## What the task requires
Data follows below. Repeat exactly the lines between the line holding "Mephisto Women's Hannel Sandals Dark Brown" and the line holding "GLAZOS（グラソス）の「", inclusive, and nothing more; drop pictures.

## Records to process
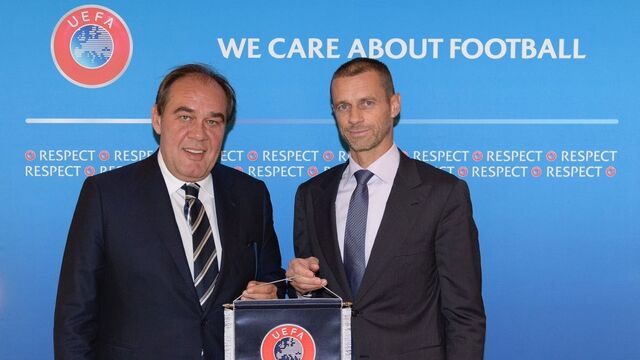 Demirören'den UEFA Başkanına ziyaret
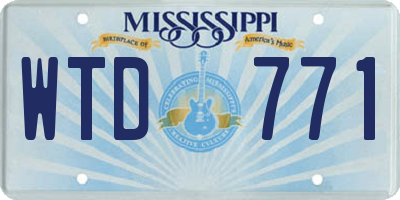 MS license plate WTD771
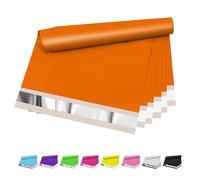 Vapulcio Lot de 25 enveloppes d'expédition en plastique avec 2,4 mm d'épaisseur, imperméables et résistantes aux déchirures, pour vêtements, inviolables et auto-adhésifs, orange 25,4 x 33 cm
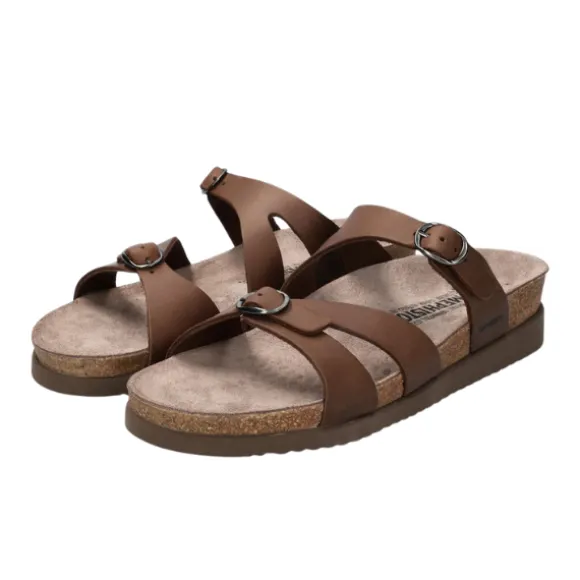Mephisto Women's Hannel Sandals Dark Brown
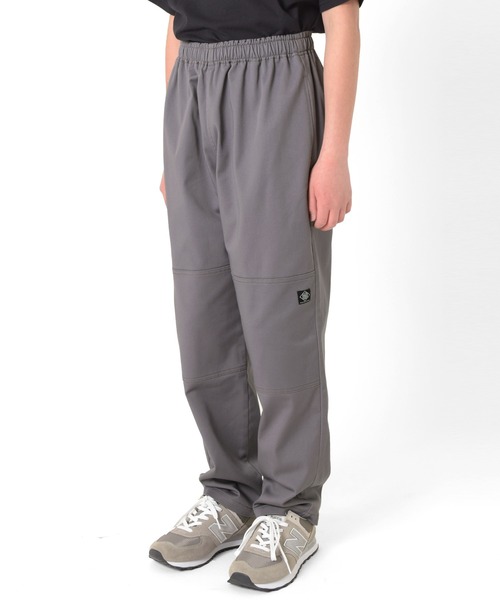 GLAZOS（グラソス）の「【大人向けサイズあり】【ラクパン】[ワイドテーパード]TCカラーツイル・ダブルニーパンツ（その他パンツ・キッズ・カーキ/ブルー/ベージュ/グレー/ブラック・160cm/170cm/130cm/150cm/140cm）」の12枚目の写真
---
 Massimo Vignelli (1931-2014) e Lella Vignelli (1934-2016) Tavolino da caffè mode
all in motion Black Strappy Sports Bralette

## Exercise result
Mephisto Women's Hannel Sandals Dark Brown
 GLAZOS（グラソス）の「【大人向けサイズあり】【ラクパン】[ワイドテーパード]TCカラーツイル・ダブルニーパンツ（その他パンツ・キッズ・カーキ/ブルー/ベージュ/グレー/ブラック・160cm/170cm/130cm/150cm/140cm）」の12枚目の写真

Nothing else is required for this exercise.